When Andre Williams arrived in San Diego after being awarded to the Chargers off waivers, the running back didn't know what to expect.

He knew of Philip Rivers, Melvin Gordon and many other of his new teammates.  However, there is a big difference in watching them from afar and seeing them up close.

The latter has exceeded his expectations.

Through two weeks, the Bolts rank second in the league with 65 points, just one behind the Carolina Panthers.  Watching the offensive fireworks from the sideline as a healthy inactive has Williams champing at the bit to pitch in.

"When I watched our guys the first time in Kansas City, I said, 'Yo, we are the baddest dudes in the league,'" he said.  "And then we did it again against Jacksonville.  I'm telling you, this offense has that (special something).  Our O-Line is mean!  They're special. I'm not joking.  I can't wait to get behind them and get out there."

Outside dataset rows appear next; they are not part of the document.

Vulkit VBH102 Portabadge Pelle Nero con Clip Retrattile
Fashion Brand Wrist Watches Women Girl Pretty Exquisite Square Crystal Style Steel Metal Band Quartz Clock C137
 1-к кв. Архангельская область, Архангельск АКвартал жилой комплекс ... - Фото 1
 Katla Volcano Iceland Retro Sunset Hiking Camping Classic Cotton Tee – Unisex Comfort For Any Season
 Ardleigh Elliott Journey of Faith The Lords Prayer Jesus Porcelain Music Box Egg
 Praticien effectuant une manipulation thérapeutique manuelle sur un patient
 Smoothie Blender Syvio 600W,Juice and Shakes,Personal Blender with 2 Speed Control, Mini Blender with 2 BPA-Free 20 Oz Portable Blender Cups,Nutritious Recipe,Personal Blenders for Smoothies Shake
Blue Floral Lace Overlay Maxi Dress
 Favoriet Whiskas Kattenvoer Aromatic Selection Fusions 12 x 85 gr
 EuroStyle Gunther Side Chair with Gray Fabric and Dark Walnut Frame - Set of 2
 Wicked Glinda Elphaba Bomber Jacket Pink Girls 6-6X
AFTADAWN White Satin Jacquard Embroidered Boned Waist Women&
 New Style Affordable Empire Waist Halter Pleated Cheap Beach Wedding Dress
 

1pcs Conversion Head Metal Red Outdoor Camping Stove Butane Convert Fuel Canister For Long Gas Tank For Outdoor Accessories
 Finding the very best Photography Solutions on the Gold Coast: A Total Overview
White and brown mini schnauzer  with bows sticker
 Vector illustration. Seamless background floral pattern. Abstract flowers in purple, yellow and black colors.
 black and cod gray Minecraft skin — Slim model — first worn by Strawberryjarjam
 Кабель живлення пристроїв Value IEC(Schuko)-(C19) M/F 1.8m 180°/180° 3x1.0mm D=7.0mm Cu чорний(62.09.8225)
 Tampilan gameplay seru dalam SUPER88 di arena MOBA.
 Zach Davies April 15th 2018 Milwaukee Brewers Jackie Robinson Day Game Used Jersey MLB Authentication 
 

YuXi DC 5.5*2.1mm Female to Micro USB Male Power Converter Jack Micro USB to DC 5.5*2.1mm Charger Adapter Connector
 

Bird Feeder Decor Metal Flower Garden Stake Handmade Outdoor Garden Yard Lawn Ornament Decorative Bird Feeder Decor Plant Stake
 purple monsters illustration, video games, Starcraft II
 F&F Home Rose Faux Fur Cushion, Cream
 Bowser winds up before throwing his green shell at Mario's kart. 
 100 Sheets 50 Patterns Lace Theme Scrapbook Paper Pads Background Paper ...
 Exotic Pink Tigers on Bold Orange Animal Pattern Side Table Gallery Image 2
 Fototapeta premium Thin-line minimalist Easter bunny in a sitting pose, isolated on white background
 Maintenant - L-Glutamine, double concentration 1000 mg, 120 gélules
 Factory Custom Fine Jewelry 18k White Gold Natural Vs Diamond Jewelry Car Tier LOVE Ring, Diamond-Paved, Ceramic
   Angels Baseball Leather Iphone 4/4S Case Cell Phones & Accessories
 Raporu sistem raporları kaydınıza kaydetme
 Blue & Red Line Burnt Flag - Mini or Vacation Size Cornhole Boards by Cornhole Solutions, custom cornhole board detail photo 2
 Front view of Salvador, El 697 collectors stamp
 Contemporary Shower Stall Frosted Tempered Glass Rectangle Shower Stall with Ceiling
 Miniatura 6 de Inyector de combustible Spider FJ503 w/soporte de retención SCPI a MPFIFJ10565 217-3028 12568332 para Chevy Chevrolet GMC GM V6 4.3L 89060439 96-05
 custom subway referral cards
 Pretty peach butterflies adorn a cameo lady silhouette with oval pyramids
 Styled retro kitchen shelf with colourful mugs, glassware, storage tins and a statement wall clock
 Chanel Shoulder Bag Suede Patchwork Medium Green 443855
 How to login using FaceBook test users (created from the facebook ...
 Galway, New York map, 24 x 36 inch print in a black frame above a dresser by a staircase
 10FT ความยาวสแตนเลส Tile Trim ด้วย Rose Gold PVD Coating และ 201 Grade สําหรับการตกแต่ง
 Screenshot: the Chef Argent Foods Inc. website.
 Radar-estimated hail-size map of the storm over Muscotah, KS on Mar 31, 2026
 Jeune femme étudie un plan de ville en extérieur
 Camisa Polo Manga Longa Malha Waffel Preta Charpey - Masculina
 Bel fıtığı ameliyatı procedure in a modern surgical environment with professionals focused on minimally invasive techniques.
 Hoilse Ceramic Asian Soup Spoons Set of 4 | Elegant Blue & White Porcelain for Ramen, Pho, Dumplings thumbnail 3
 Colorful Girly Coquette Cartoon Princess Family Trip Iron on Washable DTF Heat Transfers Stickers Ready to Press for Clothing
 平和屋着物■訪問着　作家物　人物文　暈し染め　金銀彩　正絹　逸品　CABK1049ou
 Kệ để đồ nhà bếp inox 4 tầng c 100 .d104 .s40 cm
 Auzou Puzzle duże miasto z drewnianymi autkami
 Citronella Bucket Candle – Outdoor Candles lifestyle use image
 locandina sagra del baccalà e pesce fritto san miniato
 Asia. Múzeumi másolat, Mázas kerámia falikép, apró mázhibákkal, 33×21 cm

It's been a whirlwind couple weeks for the newest Bolt as he's acclimated himself to a new system and playbook.  Acknowledging it's been an adjustment to acclimate, Williams now feels comfortable should the Chargers call his number.  There is a chance that could come as soon as this week after the Bolts' lost running back Danny Woodhead for the season.  Still, whether his chance comes Sunday or in a few weeks, Williams vows to be ready.

"I feel real good now," he said while nodding his head. "I feel I'm ready to step on the field and contribute. In my mind, I know I just need to get those live reps with Philip (Rivers).  There is nothing like that experience to (accelerate) that learning. But mentally, I'm all the way there with the playbook."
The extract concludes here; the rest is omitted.